WORK ORDER: Below are records; report the number of lines in them that include the word "Light", with no other text.

━━━━

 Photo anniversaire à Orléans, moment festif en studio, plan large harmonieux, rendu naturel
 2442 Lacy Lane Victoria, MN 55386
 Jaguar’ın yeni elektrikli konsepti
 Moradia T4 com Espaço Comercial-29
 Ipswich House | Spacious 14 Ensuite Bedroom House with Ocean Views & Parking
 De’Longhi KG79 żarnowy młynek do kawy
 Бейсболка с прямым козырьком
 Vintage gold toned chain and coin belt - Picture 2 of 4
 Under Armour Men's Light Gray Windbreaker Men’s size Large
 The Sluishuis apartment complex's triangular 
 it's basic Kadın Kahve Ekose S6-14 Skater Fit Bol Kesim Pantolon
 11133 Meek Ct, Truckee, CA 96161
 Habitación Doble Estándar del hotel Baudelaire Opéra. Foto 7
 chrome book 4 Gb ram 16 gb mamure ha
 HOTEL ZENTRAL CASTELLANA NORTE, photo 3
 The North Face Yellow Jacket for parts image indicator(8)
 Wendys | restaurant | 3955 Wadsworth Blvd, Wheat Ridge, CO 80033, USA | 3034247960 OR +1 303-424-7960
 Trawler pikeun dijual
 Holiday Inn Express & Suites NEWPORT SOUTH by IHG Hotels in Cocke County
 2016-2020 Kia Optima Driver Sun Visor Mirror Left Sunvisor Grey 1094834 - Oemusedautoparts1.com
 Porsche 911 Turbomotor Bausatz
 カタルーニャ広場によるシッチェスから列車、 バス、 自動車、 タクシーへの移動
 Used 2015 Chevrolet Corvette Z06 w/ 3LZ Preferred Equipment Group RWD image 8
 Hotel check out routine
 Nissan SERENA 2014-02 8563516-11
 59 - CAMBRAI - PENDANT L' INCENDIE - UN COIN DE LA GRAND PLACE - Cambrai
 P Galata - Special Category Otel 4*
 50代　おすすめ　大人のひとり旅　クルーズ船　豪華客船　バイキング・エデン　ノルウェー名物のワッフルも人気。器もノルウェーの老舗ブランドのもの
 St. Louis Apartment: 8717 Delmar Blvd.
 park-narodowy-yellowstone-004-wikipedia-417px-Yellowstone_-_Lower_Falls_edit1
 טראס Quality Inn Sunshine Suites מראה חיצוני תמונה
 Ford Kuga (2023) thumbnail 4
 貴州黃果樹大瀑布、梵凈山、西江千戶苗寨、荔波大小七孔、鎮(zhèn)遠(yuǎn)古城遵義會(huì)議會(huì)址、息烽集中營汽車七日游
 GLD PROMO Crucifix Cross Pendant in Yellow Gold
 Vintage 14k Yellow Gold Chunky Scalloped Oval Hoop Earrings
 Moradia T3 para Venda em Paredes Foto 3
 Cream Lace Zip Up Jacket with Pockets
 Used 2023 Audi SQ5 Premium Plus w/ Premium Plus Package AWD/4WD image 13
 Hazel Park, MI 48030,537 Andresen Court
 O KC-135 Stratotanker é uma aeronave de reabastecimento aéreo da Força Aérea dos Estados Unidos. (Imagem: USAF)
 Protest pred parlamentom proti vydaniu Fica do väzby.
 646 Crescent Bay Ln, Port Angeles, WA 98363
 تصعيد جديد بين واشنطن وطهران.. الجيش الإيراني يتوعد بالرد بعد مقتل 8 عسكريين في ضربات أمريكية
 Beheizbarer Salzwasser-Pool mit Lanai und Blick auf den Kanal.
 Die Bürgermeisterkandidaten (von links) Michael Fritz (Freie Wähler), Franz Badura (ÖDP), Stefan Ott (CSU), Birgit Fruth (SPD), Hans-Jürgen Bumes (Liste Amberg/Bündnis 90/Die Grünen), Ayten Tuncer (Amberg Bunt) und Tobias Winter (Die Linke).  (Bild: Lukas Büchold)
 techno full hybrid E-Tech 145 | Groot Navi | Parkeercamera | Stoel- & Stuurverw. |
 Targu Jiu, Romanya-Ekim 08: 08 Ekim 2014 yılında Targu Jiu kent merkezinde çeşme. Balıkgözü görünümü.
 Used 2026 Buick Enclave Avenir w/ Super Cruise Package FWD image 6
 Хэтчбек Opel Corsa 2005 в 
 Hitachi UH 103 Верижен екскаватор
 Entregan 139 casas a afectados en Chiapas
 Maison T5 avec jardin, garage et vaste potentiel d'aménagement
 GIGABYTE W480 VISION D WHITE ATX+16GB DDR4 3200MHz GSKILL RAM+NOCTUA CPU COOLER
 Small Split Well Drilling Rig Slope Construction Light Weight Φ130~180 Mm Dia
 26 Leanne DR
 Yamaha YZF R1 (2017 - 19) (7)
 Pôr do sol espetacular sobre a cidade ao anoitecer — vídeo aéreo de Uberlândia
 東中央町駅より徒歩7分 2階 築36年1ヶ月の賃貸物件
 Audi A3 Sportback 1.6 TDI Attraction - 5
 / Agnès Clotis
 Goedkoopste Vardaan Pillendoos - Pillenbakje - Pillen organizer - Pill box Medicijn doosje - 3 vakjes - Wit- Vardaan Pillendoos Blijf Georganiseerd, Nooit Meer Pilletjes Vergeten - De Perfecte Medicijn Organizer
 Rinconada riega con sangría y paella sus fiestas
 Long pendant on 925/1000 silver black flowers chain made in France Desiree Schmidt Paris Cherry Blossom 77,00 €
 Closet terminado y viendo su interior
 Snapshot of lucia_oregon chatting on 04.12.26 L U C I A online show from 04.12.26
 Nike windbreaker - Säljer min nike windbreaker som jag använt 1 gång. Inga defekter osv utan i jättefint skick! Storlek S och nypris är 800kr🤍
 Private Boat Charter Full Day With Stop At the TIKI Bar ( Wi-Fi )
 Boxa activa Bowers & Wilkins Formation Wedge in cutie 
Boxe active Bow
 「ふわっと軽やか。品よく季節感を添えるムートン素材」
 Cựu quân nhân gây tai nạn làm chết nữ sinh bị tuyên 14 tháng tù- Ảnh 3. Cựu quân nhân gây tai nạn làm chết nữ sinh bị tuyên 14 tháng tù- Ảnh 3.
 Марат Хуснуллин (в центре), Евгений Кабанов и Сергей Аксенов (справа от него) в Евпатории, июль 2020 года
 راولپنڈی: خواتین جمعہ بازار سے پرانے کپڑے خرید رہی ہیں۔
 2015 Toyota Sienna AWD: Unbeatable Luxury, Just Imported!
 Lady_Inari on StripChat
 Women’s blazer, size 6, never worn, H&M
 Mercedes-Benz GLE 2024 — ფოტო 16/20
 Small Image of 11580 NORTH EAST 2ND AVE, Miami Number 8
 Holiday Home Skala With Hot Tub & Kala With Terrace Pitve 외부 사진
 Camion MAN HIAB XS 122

━━━━

ANSWER SECTION: 2